[Exercise directions]: Below are records to reproduce in full; copy them exactly but keep the pictures out.

Caption-style text data
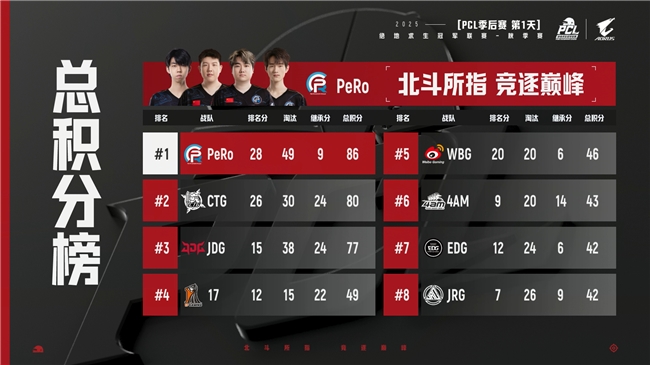PUBG PCL2025秋季赛总冠军诞生，JDG战队新王登基夺得桂冠！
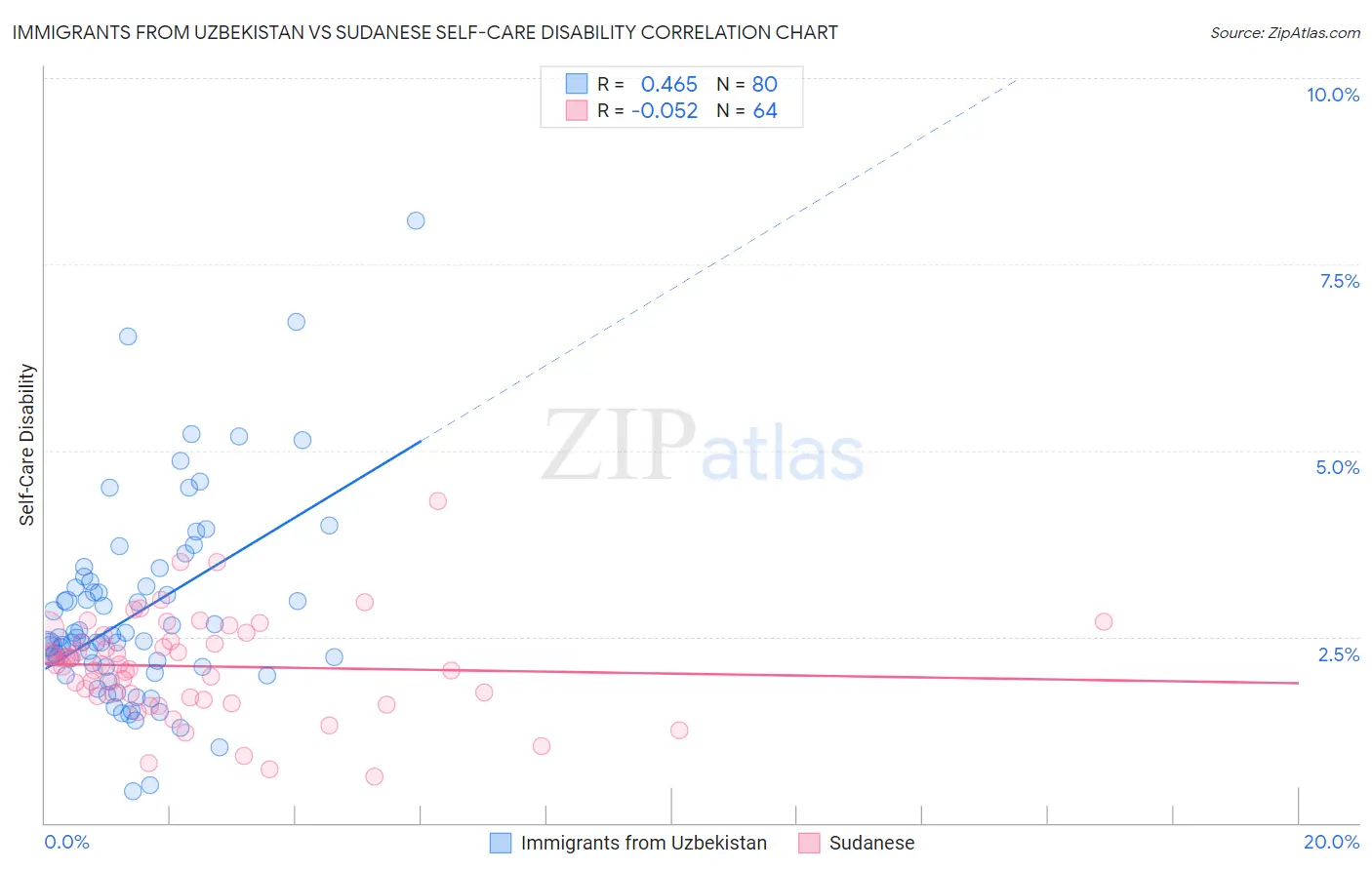 Immigrants from Uzbekistan vs Sudanese Self-Care Disability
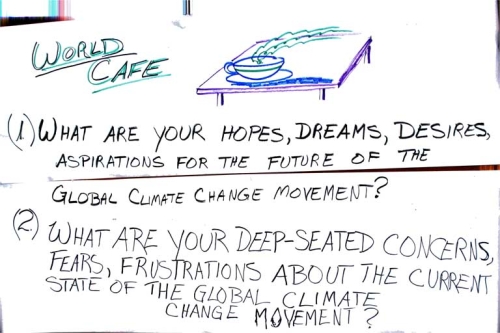 World Cafe Questions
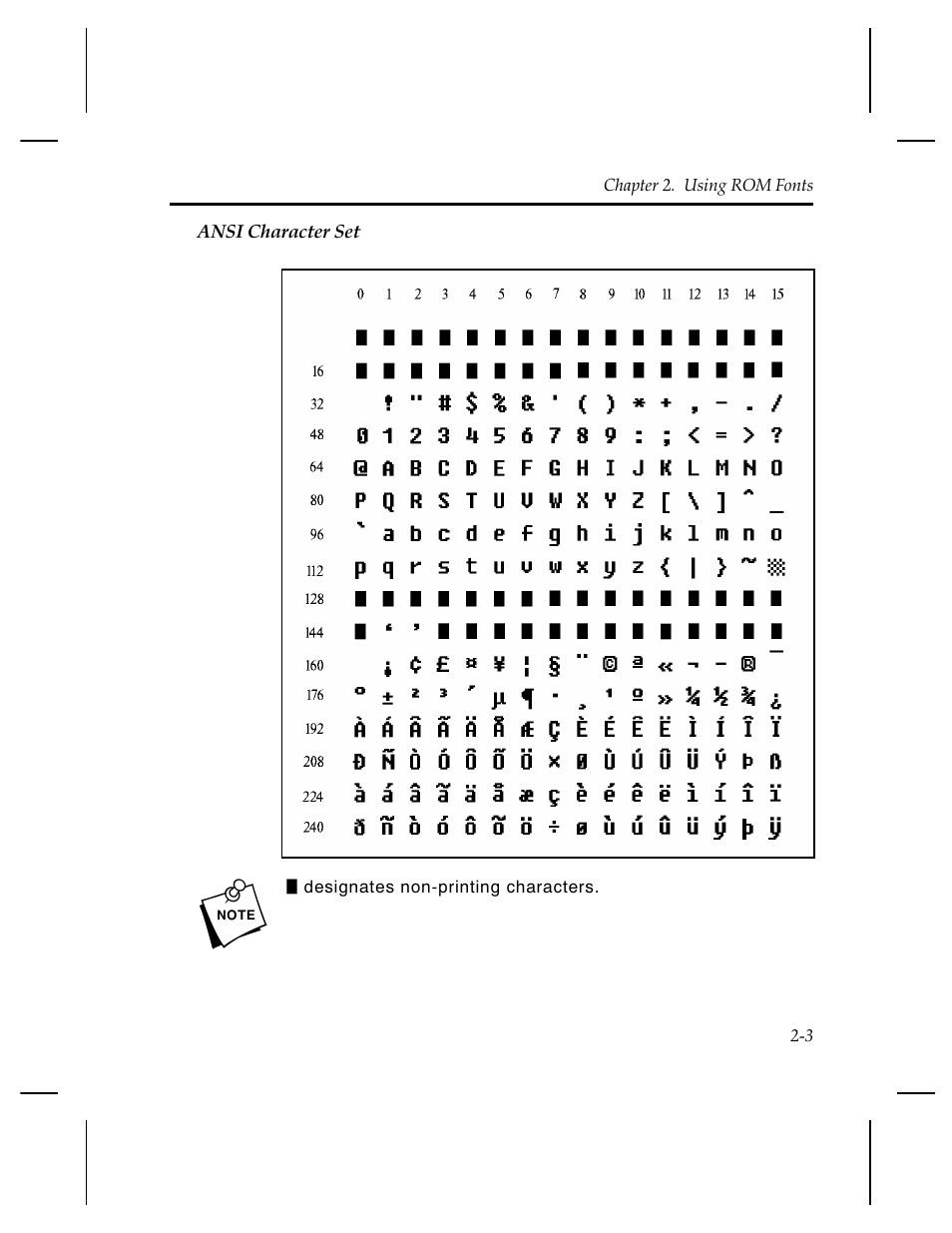Avery Dennison 1460 User Manual | Page 9 / 32
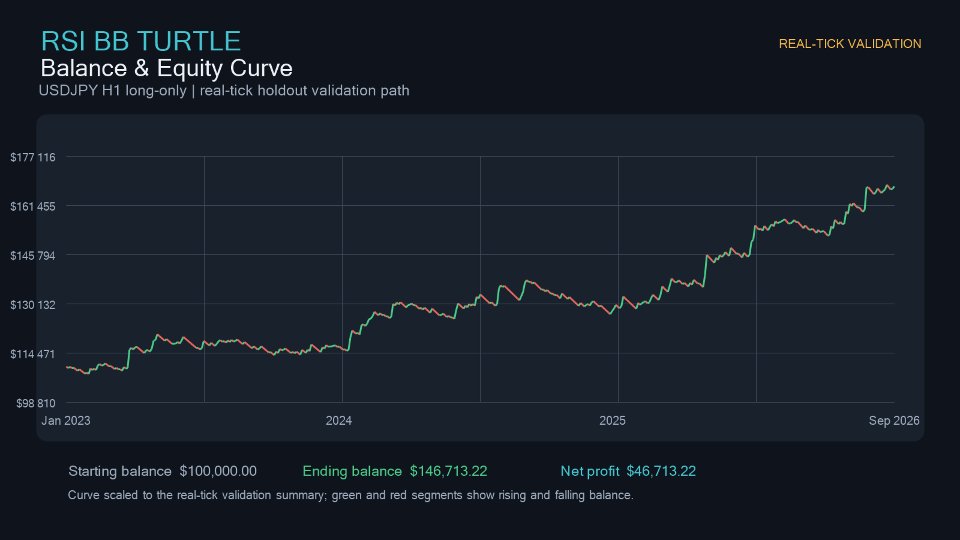 Screenshot #3 Usdjpy Bulletproof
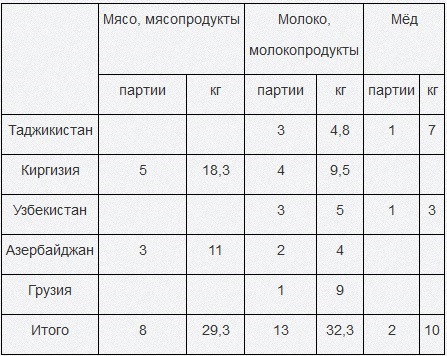 Свердловский Россельхознадзор уничтожил более семидесяти килограммов мяса, меда и молока - Фото 2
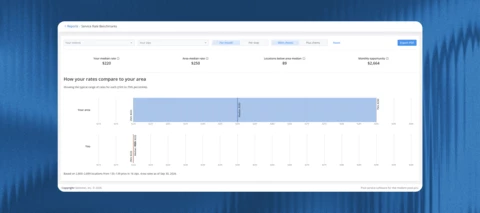 New feature: Service rate benchmarks report
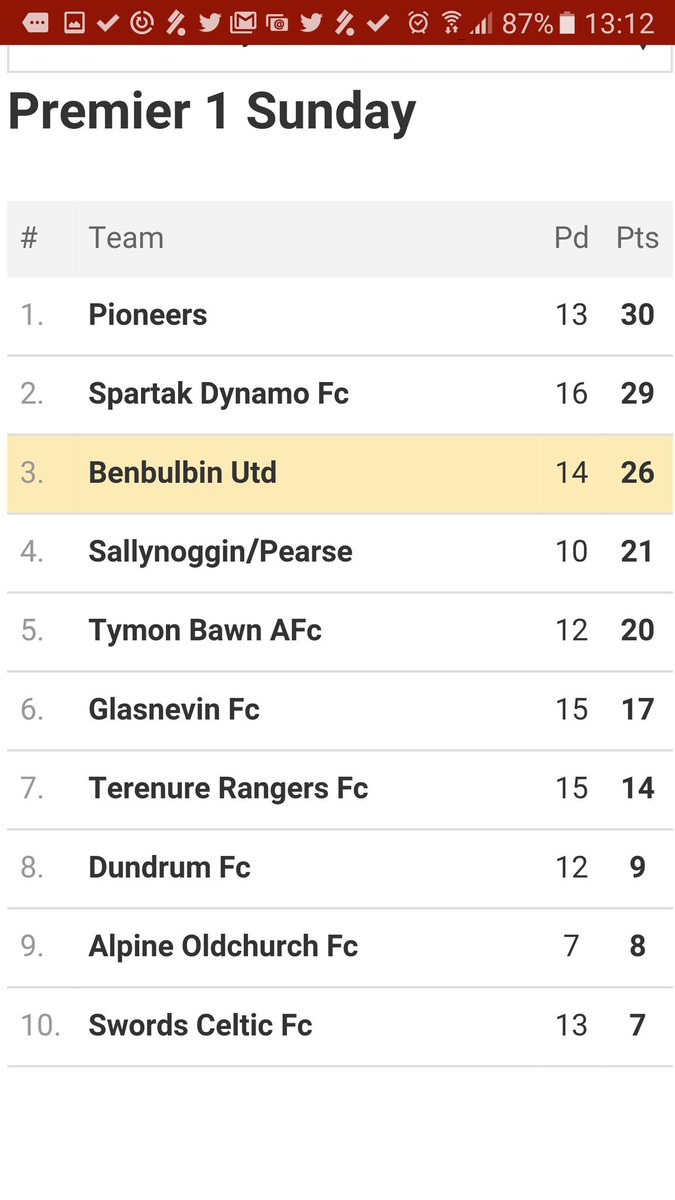 Benbulbin Utd tweet media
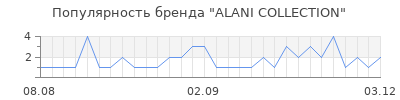 Популярность alani collection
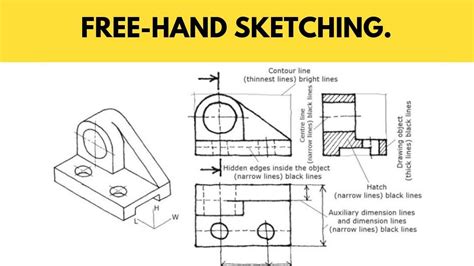 1. Sketching Your Blueprint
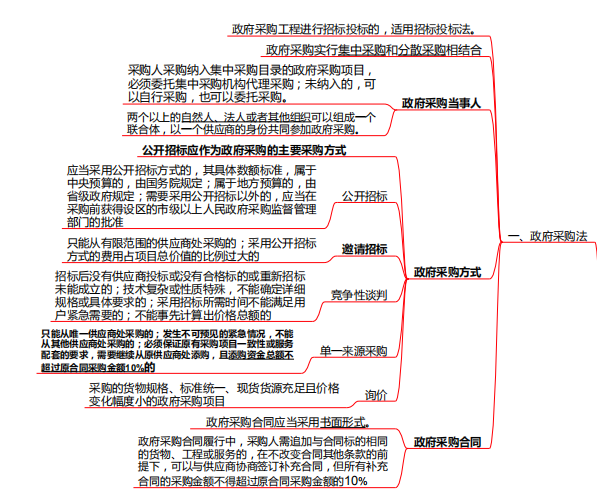 2021一建法规思维导图资料下载-工程造价管理相关法律法规思维导图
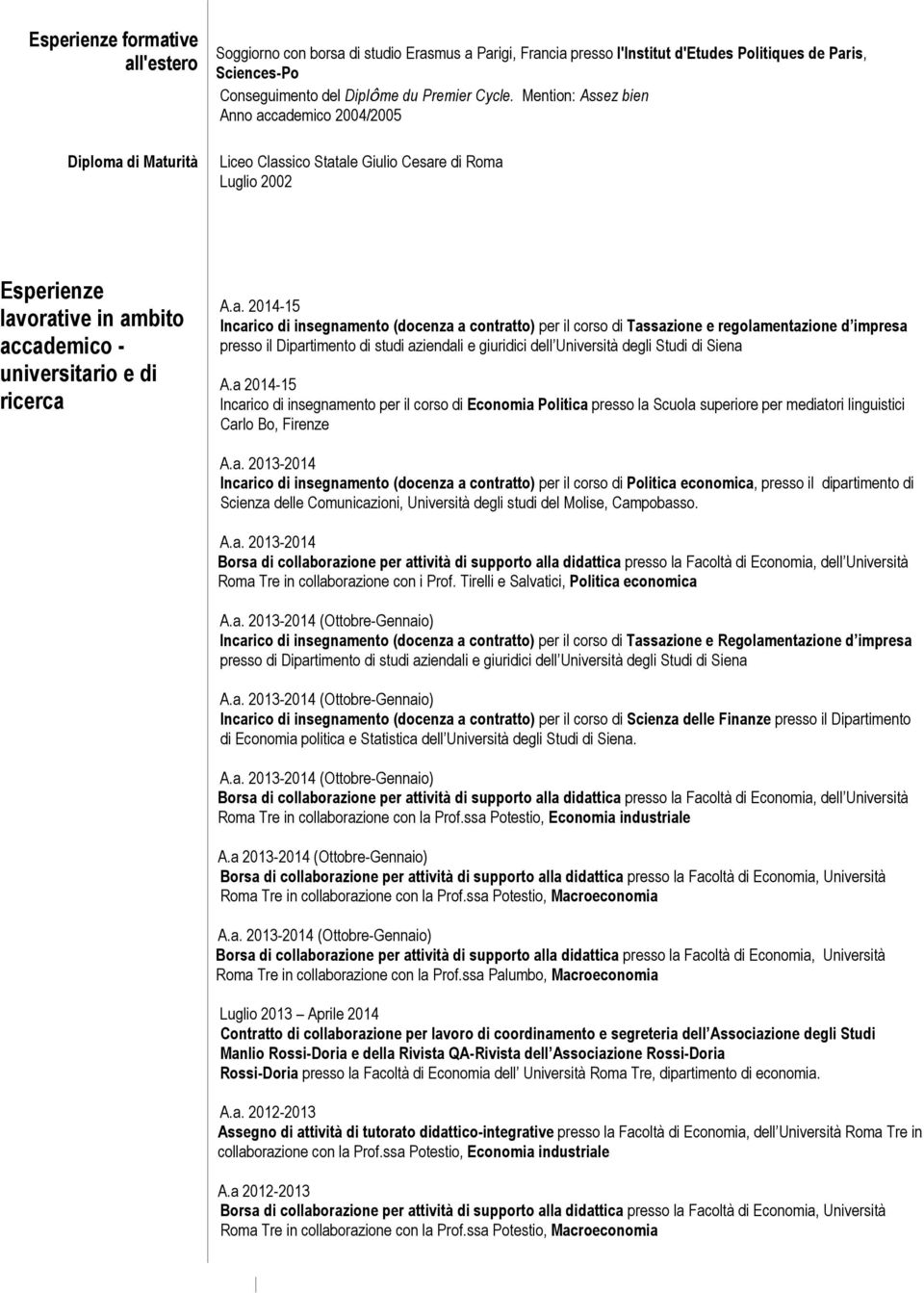 cademico 2004/2005 Liceo Classico Statale Giulio Cesare di Roma Luglio 2002 Esperienze lavorative in ambito accademico - universitario e di ricerca A.a. 2014-15 Incarico di insegnamento (docenza a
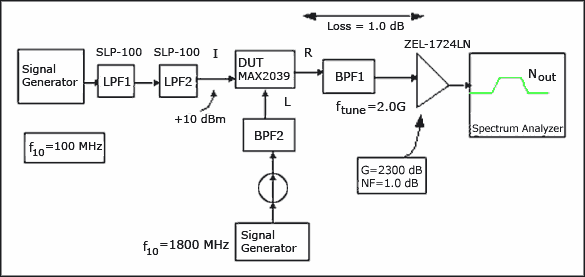 无源收发<b class='flag-5'>混频器</b>IC中的宽带LO<b class='flag-5'>噪声</b>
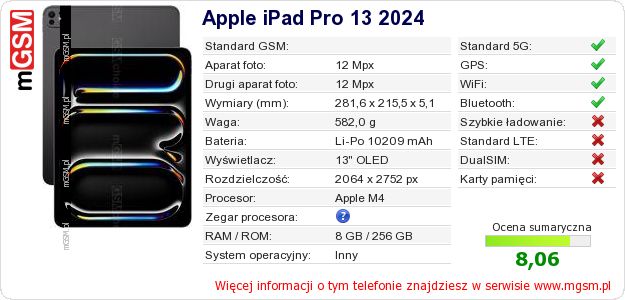 Dane telefonu Apple iPad Pro 13 2024 Dane telefonu Apple iPad Pro 13 2024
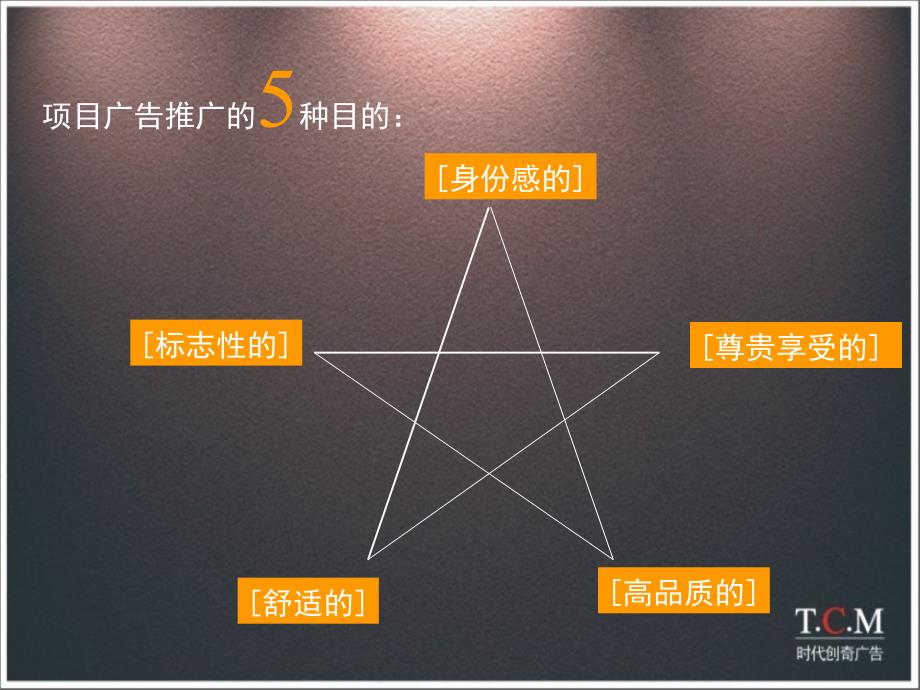 地产策划PPT东莞塘厦城东1号整合包装广告推广报告_第3页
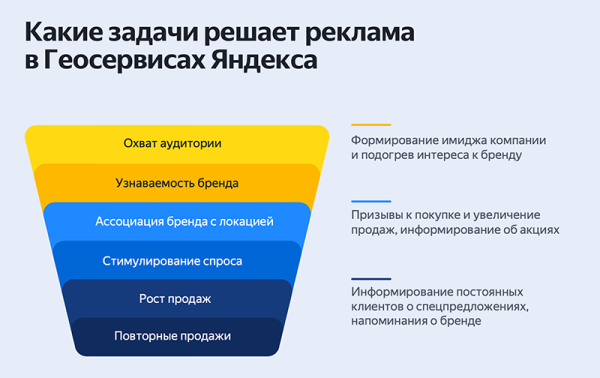 Как выстроить репутацию клиники и заслужить доверие клиентов в нише, в которой оно важнее всего
Как выстроить репутацию клиники и заслужить доверие клиентов в нише, в которой оно важнее всего
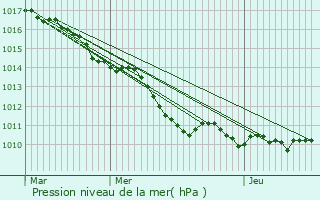 Graphe de la pression atmosphrique prvue pour Morainvilliers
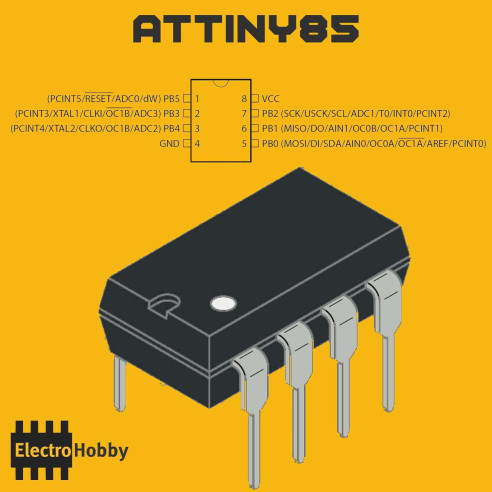 Microcontrolador AVR ATtiny85 con encapsulado DIP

[Exercise output]:
PUBG PCL2025秋季赛总冠军诞生，JDG战队新王登基夺得桂冠！
 Immigrants from Uzbekistan vs Sudanese Self-Care Disability
 World Cafe Questions
Avery Dennison 1460 User Manual | Page 9 / 32
 Screenshot #3 Usdjpy Bulletproof
 Свердловский Россельхознадзор уничтожил более семидесяти килограммов мяса, меда и молока - Фото 2
 New feature: Service rate benchmarks report
 Benbulbin Utd tweet media
 Популярность alani collection
 1. Sketching Your Blueprint
 2021一建法规思维导图资料下载-工程造价管理相关法律法规思维导图
 cademico 2004/2005 Liceo Classico Statale Giulio Cesare di Roma Luglio 2002 Esperienze lavorative in ambito accademico - universitario e di ricerca A.a. 2014-15 Incarico di insegnamento (docenza a
 无源收发<b class='flag-5'>混频器</b>IC中的宽带LO<b class='flag-5'>噪声</b>
 Dane telefonu Apple iPad Pro 13 2024 Dane telefonu Apple iPad Pro 13 2024
 地产策划PPT东莞塘厦城东1号整合包装广告推广报告_第3页
 Как выстроить репутацию клиники и заслужить доверие клиентов в нише, в которой оно важнее всего
Как выстроить репутацию клиники и заслужить доверие клиентов в нише, в которой оно важнее всего
 Graphe de la pression atmosphrique prvue pour Morainvilliers
 Microcontrolador AVR ATtiny85 con encapsulado DIP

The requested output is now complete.